CO2-Kompensation bei Flugscham: Warum das allein nicht hilft

Der weltweite CO2-Ausstoß ist auf Rekordhoch – trotzdem sind die Flüge günstig wie nie. Wen das schlechte Gewissen plagt, kann seinen ökologischen Fußabdruck verkleinern: dank CO2-Kompensation. Was ist da dran? Das erklärt Prof. Dr. Nina Michaelis, VWL-Professorin für Nachhaltige Ökonomie unseres Fachbereichs Wirtschaft, der Münster School of Business (MSB).

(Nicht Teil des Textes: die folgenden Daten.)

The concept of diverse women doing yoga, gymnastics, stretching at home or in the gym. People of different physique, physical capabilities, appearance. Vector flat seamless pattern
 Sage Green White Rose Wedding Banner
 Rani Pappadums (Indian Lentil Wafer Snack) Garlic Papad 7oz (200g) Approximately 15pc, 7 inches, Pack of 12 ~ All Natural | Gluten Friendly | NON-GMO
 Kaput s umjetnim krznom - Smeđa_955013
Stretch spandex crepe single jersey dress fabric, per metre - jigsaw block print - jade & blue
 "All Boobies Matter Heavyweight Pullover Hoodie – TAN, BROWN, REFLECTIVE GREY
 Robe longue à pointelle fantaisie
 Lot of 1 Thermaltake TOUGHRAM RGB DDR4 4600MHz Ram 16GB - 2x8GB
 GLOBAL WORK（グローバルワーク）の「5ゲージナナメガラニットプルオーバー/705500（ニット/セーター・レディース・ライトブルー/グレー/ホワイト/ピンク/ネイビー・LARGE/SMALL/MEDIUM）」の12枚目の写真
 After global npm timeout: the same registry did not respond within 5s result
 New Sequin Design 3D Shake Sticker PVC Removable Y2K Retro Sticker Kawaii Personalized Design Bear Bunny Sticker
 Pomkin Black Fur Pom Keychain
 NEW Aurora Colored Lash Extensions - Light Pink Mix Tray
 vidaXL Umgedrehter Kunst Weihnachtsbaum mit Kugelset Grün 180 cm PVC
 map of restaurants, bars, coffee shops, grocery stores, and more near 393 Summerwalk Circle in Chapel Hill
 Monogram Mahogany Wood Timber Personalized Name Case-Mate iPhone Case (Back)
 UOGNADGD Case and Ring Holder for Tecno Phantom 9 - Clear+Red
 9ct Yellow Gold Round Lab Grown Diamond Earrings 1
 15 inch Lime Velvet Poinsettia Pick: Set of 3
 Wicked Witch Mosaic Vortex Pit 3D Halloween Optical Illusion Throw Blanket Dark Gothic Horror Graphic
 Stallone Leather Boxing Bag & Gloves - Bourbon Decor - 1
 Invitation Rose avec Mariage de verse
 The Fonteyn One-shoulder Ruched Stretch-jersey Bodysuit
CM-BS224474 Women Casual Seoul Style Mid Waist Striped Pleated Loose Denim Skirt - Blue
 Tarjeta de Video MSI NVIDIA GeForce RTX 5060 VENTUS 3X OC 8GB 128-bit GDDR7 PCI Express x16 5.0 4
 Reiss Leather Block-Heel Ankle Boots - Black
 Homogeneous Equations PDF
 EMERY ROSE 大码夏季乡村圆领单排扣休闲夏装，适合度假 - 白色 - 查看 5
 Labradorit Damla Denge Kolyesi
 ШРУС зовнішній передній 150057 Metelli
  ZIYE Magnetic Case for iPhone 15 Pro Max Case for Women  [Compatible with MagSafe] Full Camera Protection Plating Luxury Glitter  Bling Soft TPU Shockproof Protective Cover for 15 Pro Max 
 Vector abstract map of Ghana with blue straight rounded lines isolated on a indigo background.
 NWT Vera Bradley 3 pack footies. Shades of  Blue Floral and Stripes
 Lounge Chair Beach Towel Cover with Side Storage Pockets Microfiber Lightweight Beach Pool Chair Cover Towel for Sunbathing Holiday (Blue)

Frau Prof. Michaelis, bei der CO2-Kompensation errechne ich erst meinen CO2-Ausstoß, zum Beispiel für einen Flug, und spende dann eine Summe, die in Klimaschutzprojekte investiert wird und die den Ausstoß ausgleichen. Klingt nach einer guten Idee – ist sie das denn auch?
Freiwillige Kompensation ist an sich super. Anbieter und Organisationen in diesem Bereich gibt es schon länger, Atmosfair wurde zum Beispiel 2003 gegründet. Die öffentliche Aufmerksamkeit wächst aber erst jetzt, sicherlich auch beeinflusst durch die vielen Schülerdemonstrationen. Es handelt sich bei den Anbietern meistens um gemeinnützige Organisationen, die ihre Einnahmen in Klimaschutzprojekte investieren. Trotzdem muss man sich als Privatperson oder als Unternehmen vor dem Spenden informieren, Qualitätssiegel sind dabei hilfreich. Häufig fließt das Geld in Projekte in Entwicklungsländern, da sich dort große Effekte in Sachen CO2-Einsparung erzielen lassen. Viele Einsparungsmaßnahmen in Privathaushalten und Industrie sind dort günstiger durchzuführen als zum Beispiel in Europa.

 

Also tue ich mit der CO2-Kompensation etwas Gutes und brauche kein schlechtes Gewissen oder Flugscham mehr zu haben, wenn ich fliege und die Gebühr zahle?
Uns muss allen klar sein, dass Kompensieren nur die drittbeste Lösung ist – es wäre viel besser, wenn wir gar nicht erst fliegen, CO2 also vermeiden, oder, wenn das nicht geht, CO2 reduzieren. Die Kompensation ist letztendlich eine moderne Form des Ablasshandels! Wir schaffen nämlich Ablass dafür, dass wir unseren Lebensstil so beibehalten, wie er ist, und es ist fragwürdig, ob das überhaupt möglich ist. Auch gibt es einfach noch zu viele, die sich denken: „Mir doch egal, nach mir die Sintflut.“ Wir können die Welt allein mit freiwilliger Kompensation nicht retten. Aber es ist super, dass da aktuell ein Bewusstsein für entsteht. Insgesamt müssen größere Lösungen her!

 

Wahrscheinlich dürfen wir dabei auch nicht nur ans Fliegen denken?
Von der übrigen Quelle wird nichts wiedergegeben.